— DESCRIPTION OF THE TASK —
Go to the line below that contains "Nashville, Tennessee USA". From there to the end of the records, reproduce each line exactly, except the pictures.

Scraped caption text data
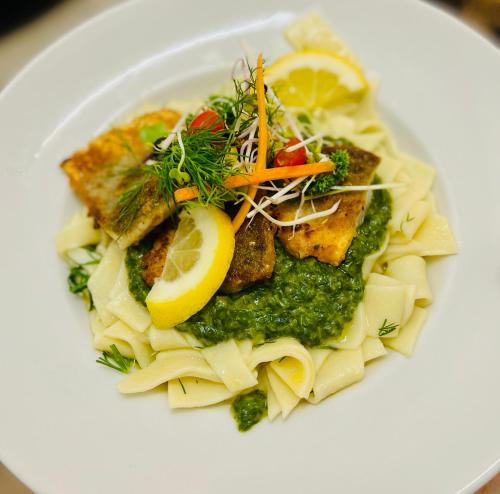 a plate of pasta with lemon slices and vegetables at Traditionsgasthaus Goldener Löwe Riesa Restaurant & Pension in Riesa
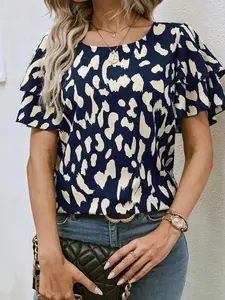 A women's short-sleeved chiffon Fitted blouse with a dark blue base, a white round neck, and a double-layered lot leaf hem, suitable for summer, suitable for daily commuting and home wear.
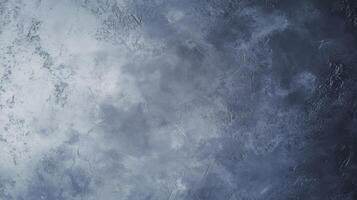 A grey wall with a few spots of white. The wall is covered in a greyish-blue paint photo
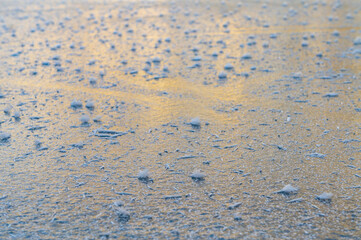 Ice texture frozen lake surface on sunny day
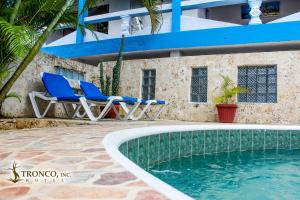 a resort with two chairs and a swimming pool at Hotel El Tronco Inc in Boca Chica
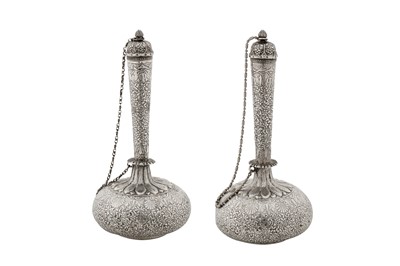 Lot 100 - A pair of late 19th century Anglo – Indian unmarked silver small water bottles (surhai), Lucknow circa 1880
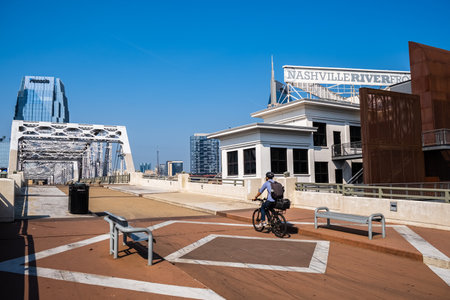 Nashville, Tennessee USA - May 12, 2023: Downtown skyline view from the vintage John Seigenthaler Pedestrian Bridge over the Cumberland Riverのeditorial素材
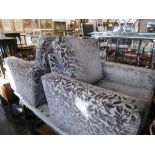 A pair of upholstered armchairs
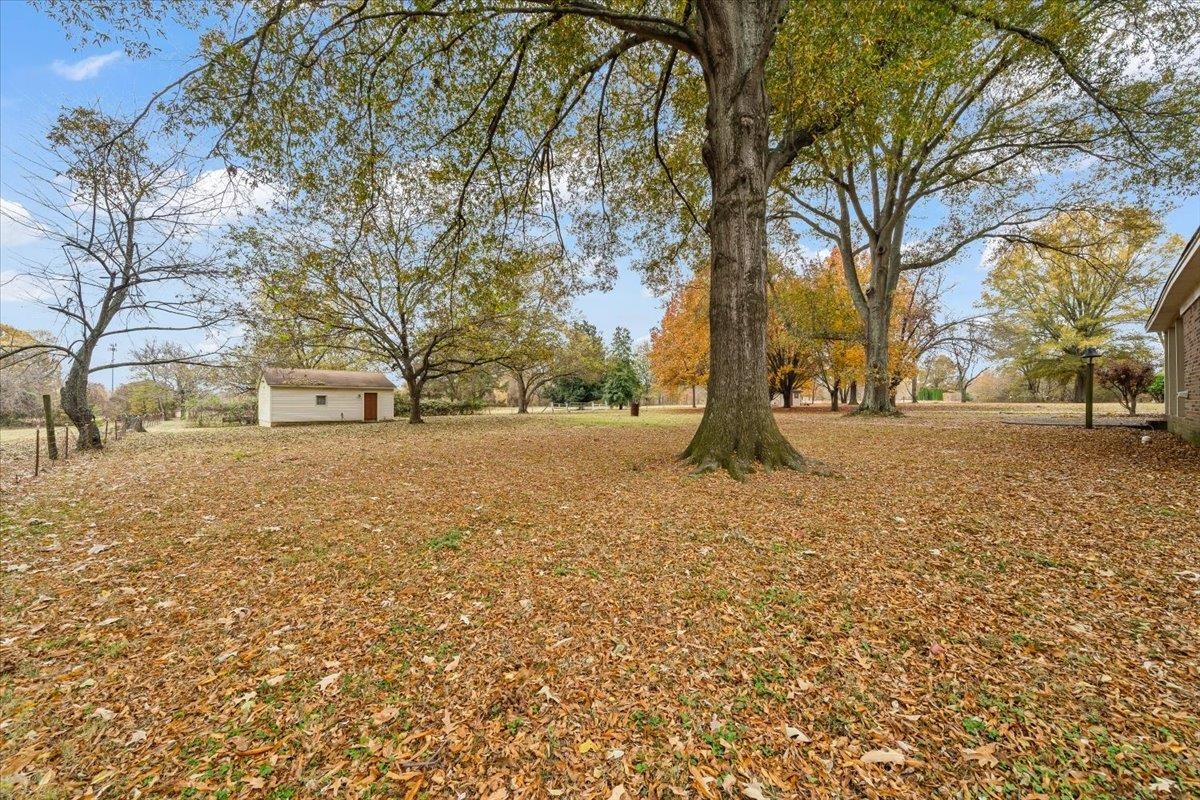 10060 Rosemark Road Atoka, TN 38004 - Photo 22 of 26 a view of outdoor space with deck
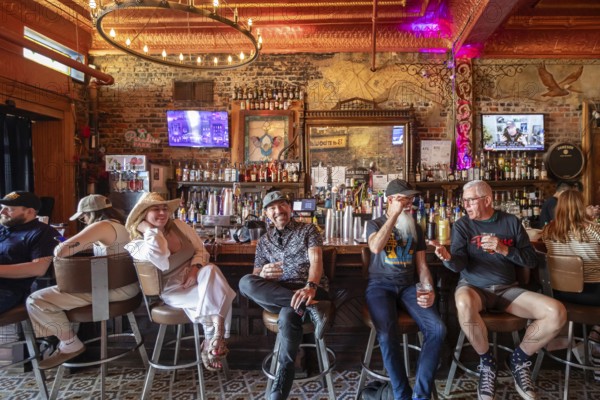 New Orleans, Louisiana - People at the bar drink and listen to music at Bamboula's music club on Frenchmen Street in the Marigny neighborhood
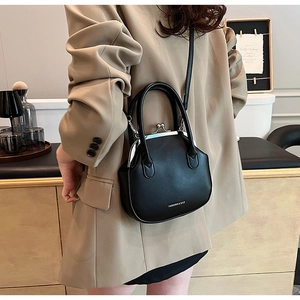 Detail of classic black doctor bag style crossbody with silver metal clasp closure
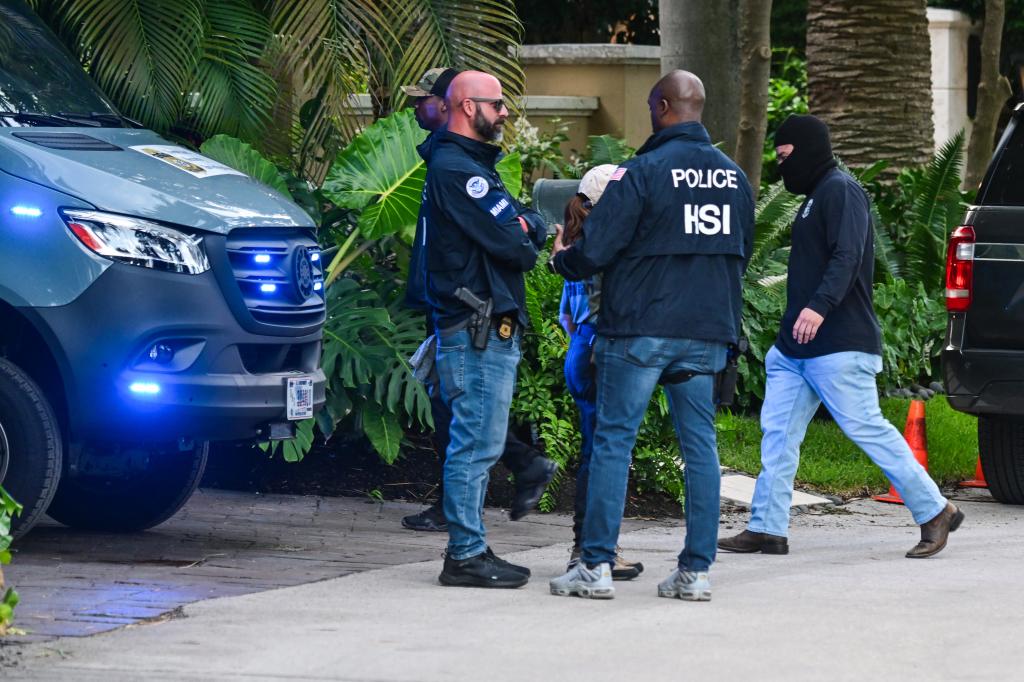 Federal and Homeland Security Investigation agents are seen at the entrance of Sean "Diddy" Combs's home at Star Island in Miami Beach on March 25, 2024.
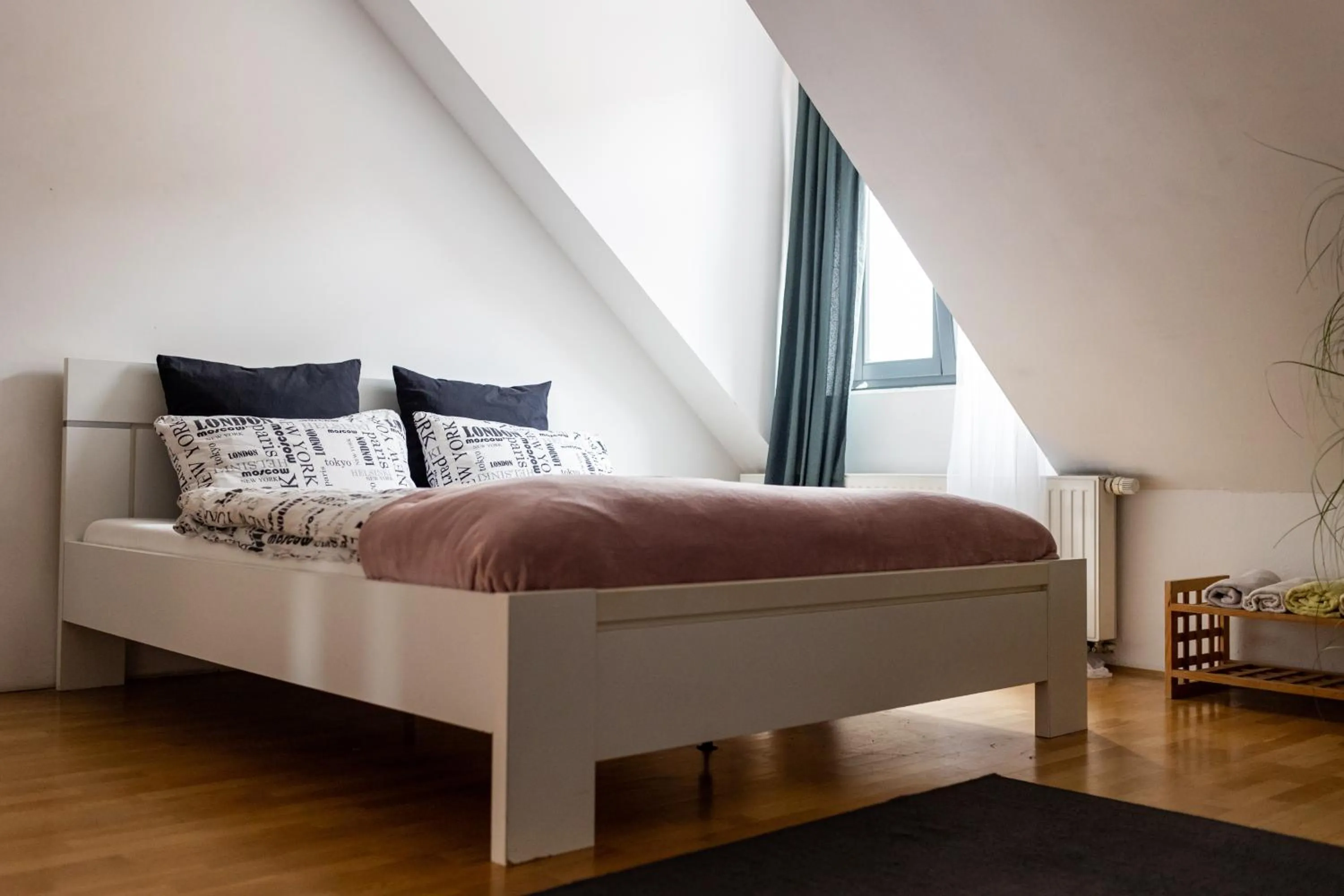 Bed in Cukrarna Guest Accommodation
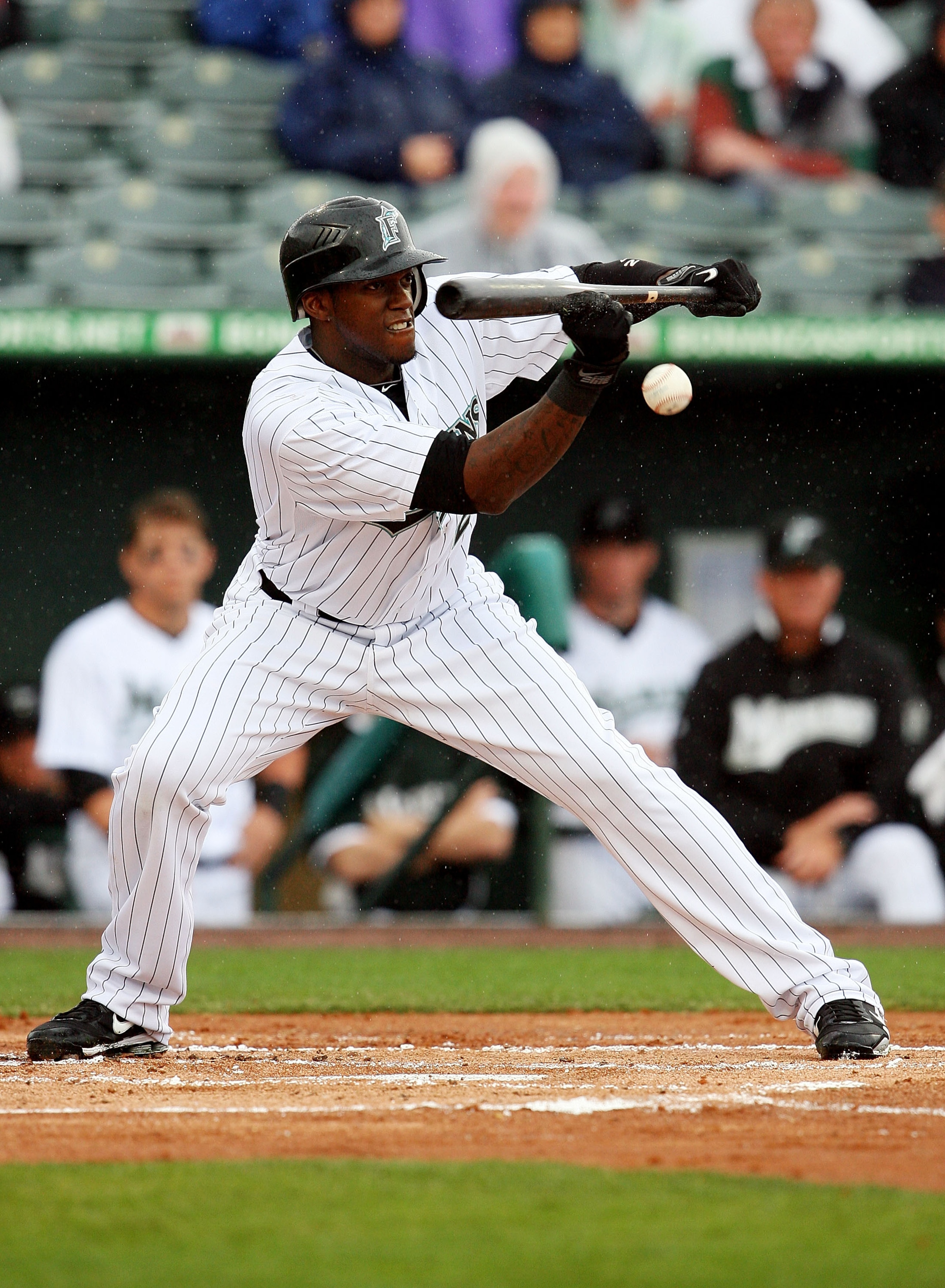 JUPITER, FL - MARCH 17:  Outfielder Cameron Maybin #24 of the Florida Marlins lays down a sacrifice bunt against the Atlanta Braves at Roger Dean Stadium on March 17, 2010 in Jupiter, Florida.  (Photo by Doug Benc/Getty Images)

— EXERCISE RESPONSE —
 Nashville, Tennessee USA - May 12, 2023: Downtown skyline view from the vintage John Seigenthaler Pedestrian Bridge over the Cumberland Riverのeditorial素材
 A pair of upholstered armchairs
 10060 Rosemark Road Atoka, TN 38004 - Photo 22 of 26 a view of outdoor space with deck
 New Orleans, Louisiana - People at the bar drink and listen to music at Bamboula's music club on Frenchmen Street in the Marigny neighborhood
 Detail of classic black doctor bag style crossbody with silver metal clasp closure
 Federal and Homeland Security Investigation agents are seen at the entrance of Sean "Diddy" Combs's home at Star Island in Miami Beach on March 25, 2024.
 Bed in Cukrarna Guest Accommodation
 JUPITER, FL - MARCH 17:  Outfielder Cameron Maybin #24 of the Florida Marlins lays down a sacrifice bunt against the Atlanta Braves at Roger Dean Stadium on March 17, 2010 in Jupiter, Florida.  (Photo by Doug Benc/Getty Images)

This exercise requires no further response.